We soon learn that Laffin is not a nice man (he had hard, brown eyes, that glared without winking, vulture-like in their dispassionate intensity), who rules his ward (much later, the reader finds he had forced the much younger Betty to marry him!) with a rod of iron. In London, we meet Clive the ninth Lord Lowbridge, the impecunious aristocrat, whose classics features were those that the old Greek sculptors gave to the heroes of mythology, he had the clear eyes and the frame of a trained athlete; Laffin had been his family's physician in Bath and Clive's tutor. Clive and Betty are, at the very least, on affectionate terms. There is a quick scenery change to the Pawter Intensive Publicity Services (familiarly called Pips), run by a Mr. Pawter, no less. Employed as an assistant is a young man who is to emerge as the undoubted hero of the story - Bill Holbrook (twenty-three and pleasantly featured, except for a nose that was slightly bent. He played football, and once a great international had used his features as a jumping-off place - was the latter Argentinian?!), first cousin to Pawter and ex-newspaper reporter. Pips wants a story about Betty, who it transpires in in the acting profession. 

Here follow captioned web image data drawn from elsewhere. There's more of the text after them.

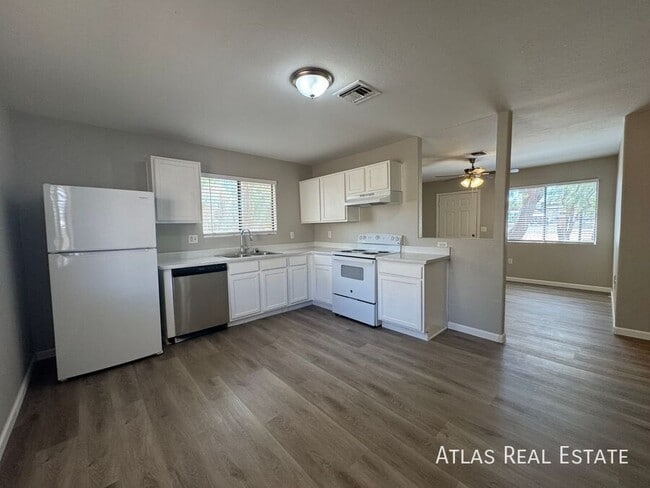 Photo - 506 N Iroquois Ave Apartment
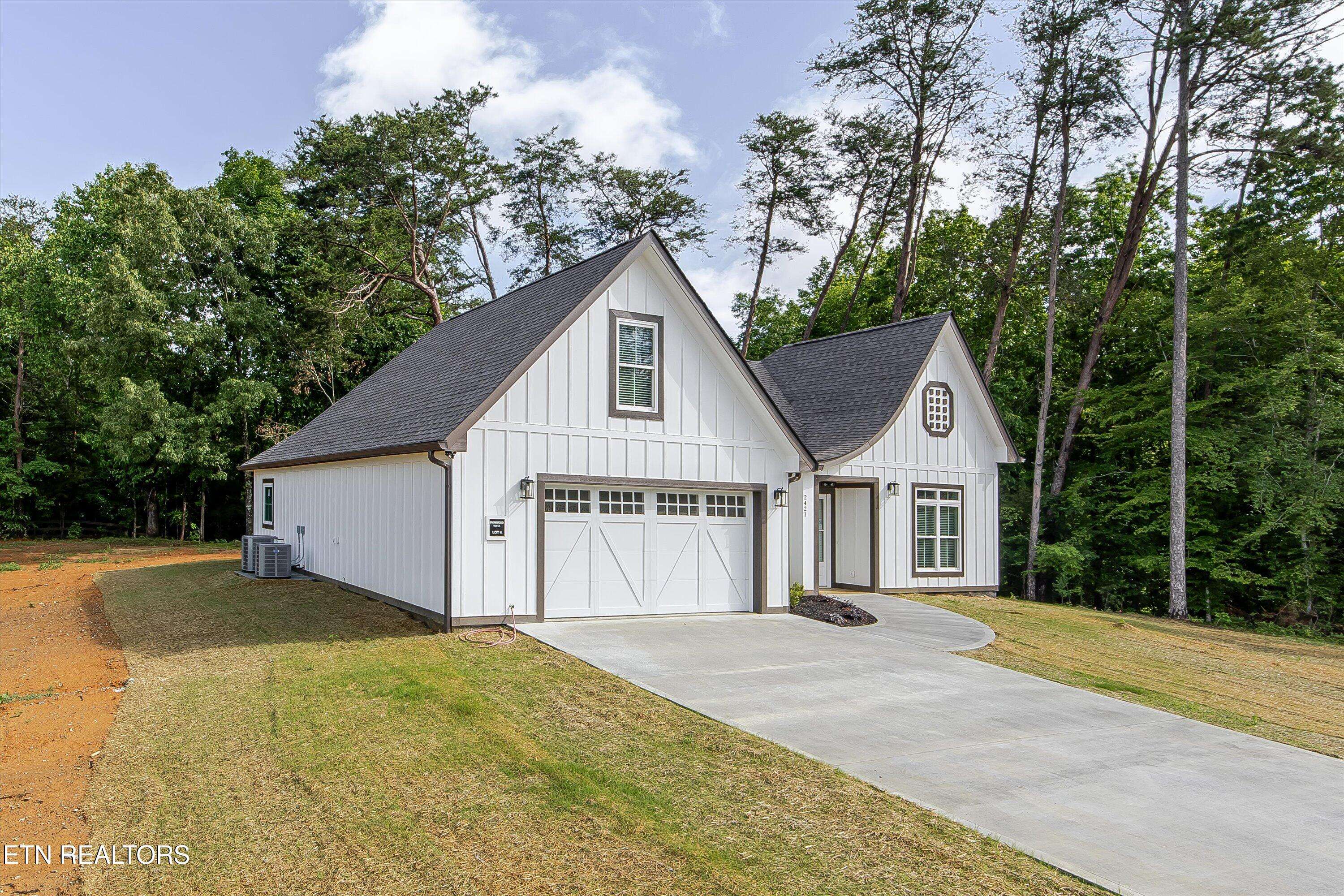 Sevierville, TN 37876,2421 Iron Forge WAY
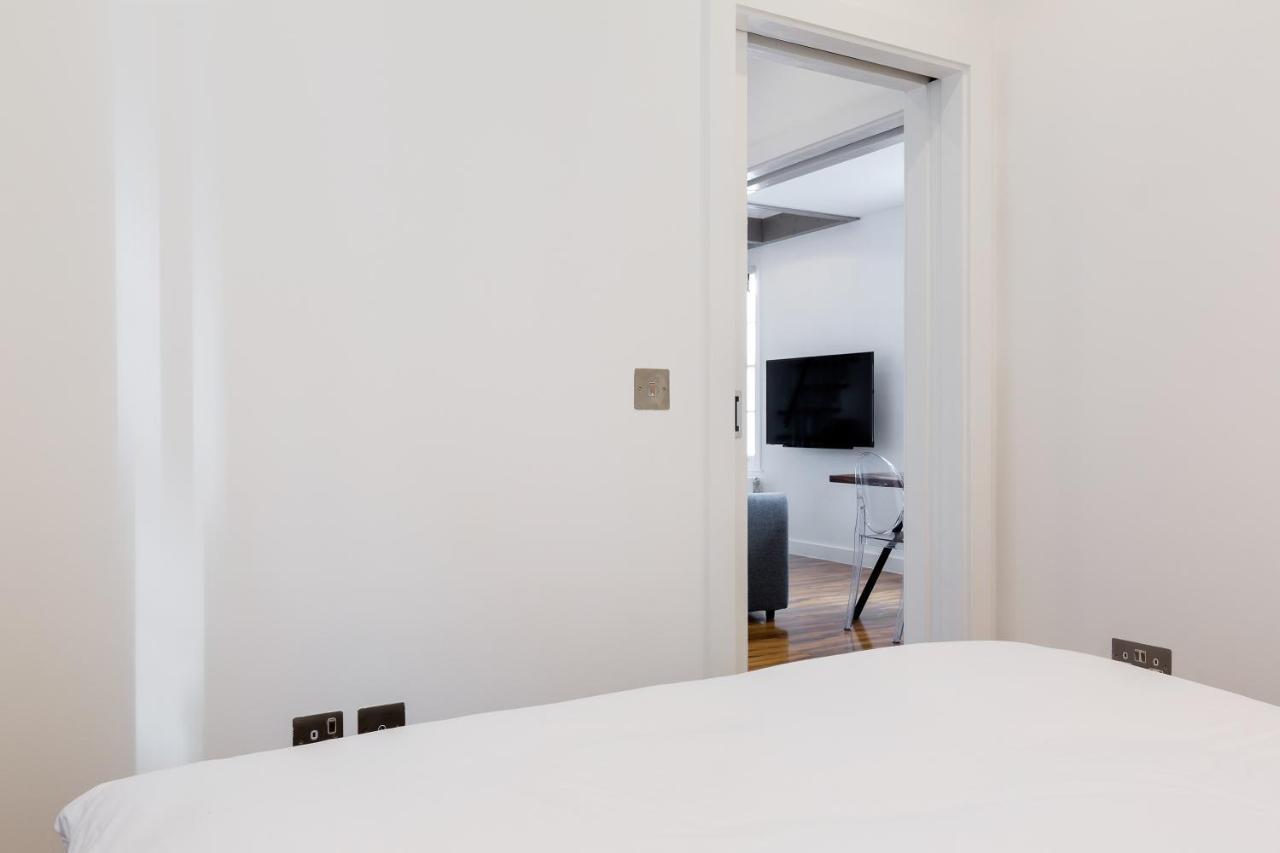 Spacious 4 Bedrooms Flat In New Oxford Street London Ngoại thất bức ảnh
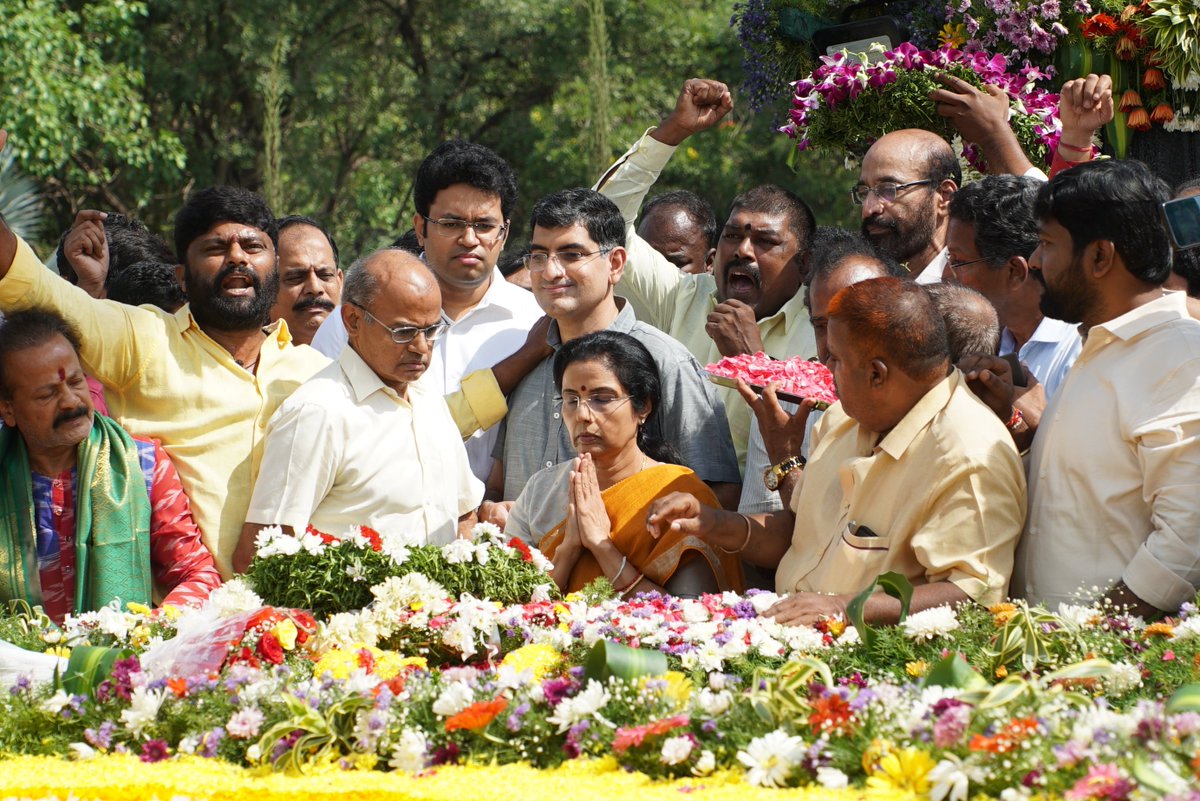 ManagingTrustee's tweet photo. ఎన్టీఆర్ గారి 103వ జయంతి సందర్భంగా కుటుంబసభ్యులతో సహా హైదరాబాద్ లోని ఎన్టీఆర్ ఘాట్ కు వెళ్లి పుష్పాంజలి ఘటించి నివాళులర్పించాను. నాన్నగారి అభిమానులతో ఎన్టీఆర్ ఘాట్ నిండిపోయింది. ప్రజల గు��డెల్లో అన్నగారిగా ఆయన స్థానం శాశ్వతం. https://t.co/Shw2BmsQcD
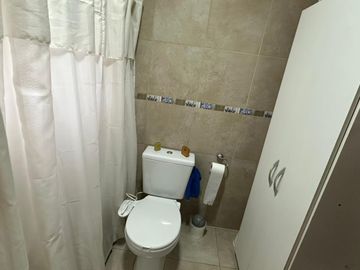 Casa en  49 Y 148. Amplio parque.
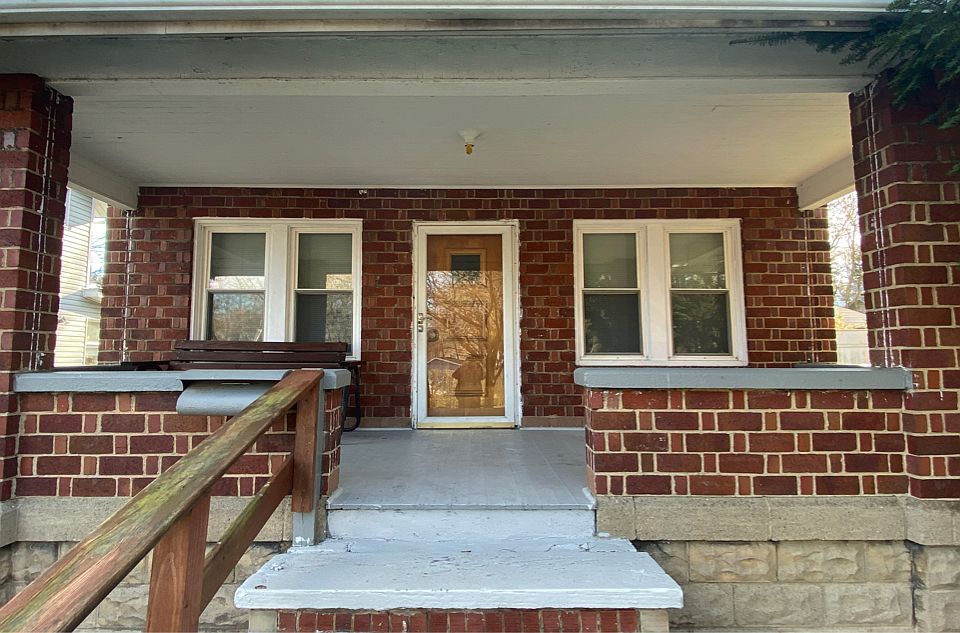 1st image of 704 Lakemont Ave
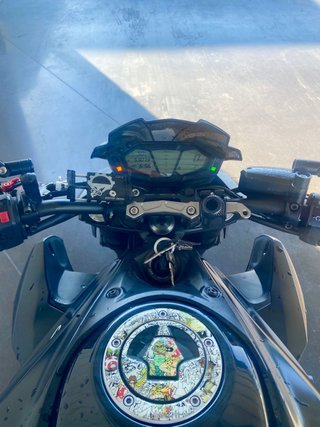 Kawasaki Z800E Negra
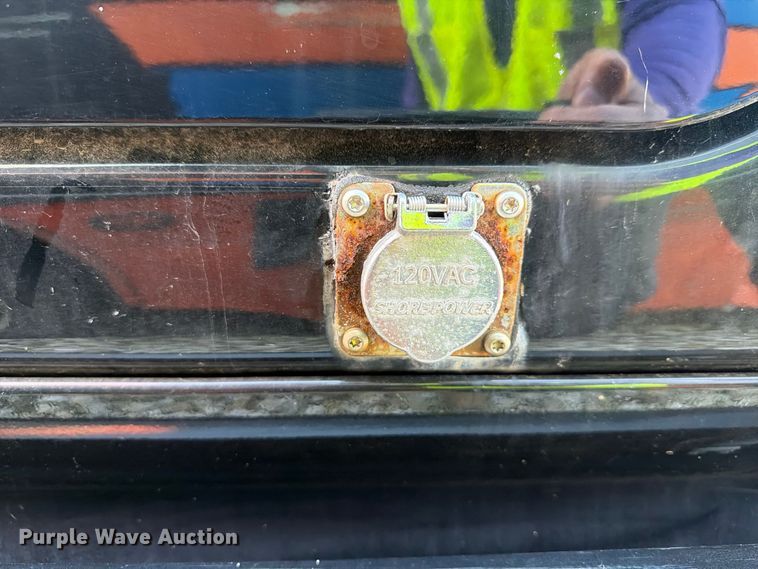 image for item YA4331 2018 Freightliner Cascadia 126 semi truck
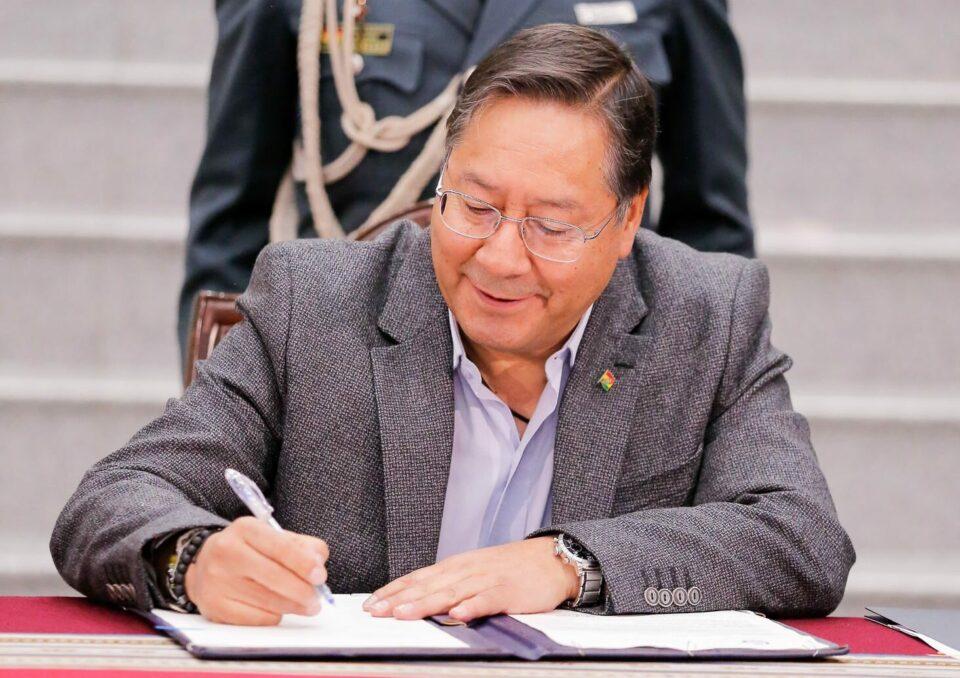 Arce aprueba crédito de $us 110 millones para construir 300 puentes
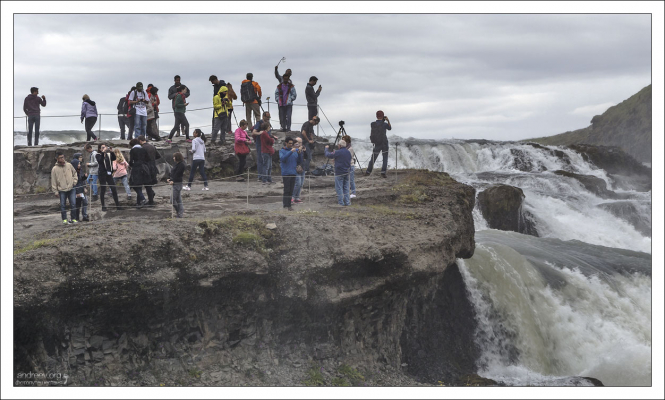 Обзорная площадка над Гюдльфоссом.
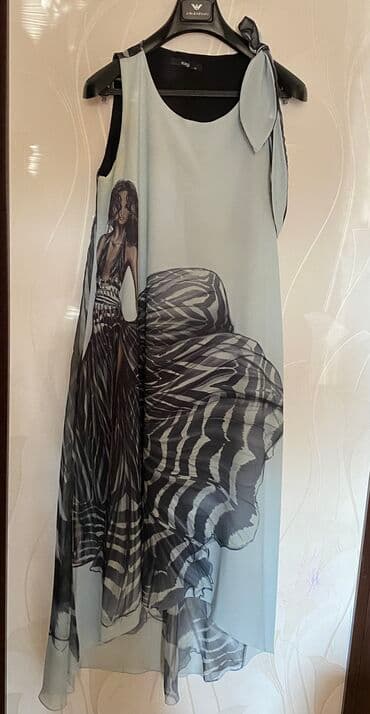 PHARDİDEN ALİNİB.120 manata. cemi 2 defe geyınılıb.42 razmerdi. 40-44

In quick succession, the author pulls in the other characters who are going to drive the tale: Captain Harvey Hale, seventy-five by fifty coarse inches of muscle and bone; a red-faced, fish-eyed, heavy-jawed skipper, without either ship or ticket and desperate for a job; Benson, the taciturn man-servant to Clive Lowbridge - who we find out at the end is not who he appears to be; La Florette, the thin-lipped French dancer at the Orpheum, where Betty also worked. She turns out to be an East Ender who lives with her mother and is jealous of Betty's far superior looks. A great character, but I never really caught on to what value she brought to the story. Far more important  to the tale are The Proud Sons of Ragousa, many of whose members turn out to be a cross between Freemasons (with its lodges, Twenty-Third Degree, priors and, at the very top, the Grand Prior) and something far more sinister. (Remember the hooded figure on the moor? It will all fall into place by the end). The story-line, which inevitably was all to do with greed, is far too convoluted for a short Blog such as this, even if I did understand it all. Suffice it to say, all the above characters are increasingly part of a gripping, if nasty tale. One must add two more important participants: Inspector Bullott, usually working in the Records Department of Scotland Yard, but now drawn into tracking down a murderer and the nefarious goings-on within the Ragousa; and Toby Marsh - one of the cleverest cracksmen in London; he's only been caught once, and that was by accident. Both are to play vital parts in the rather long drawn-out denouement, which takes place on the transatlantic liner Escorial, which at one stage is being thrillingly chased by two English warships - the Sussex and the Kent -  and a American cruiser through banks of fog and too-close-for-comfort icebergs. I must admit, I had suspended my disbelief quite early on. But, all good fun and the baddies (the main one I did not twig, when they were unmasked at the end) got their just deserts and Betty not only found out her real name and that she was wealthy, but that Bill Holbrook was for her.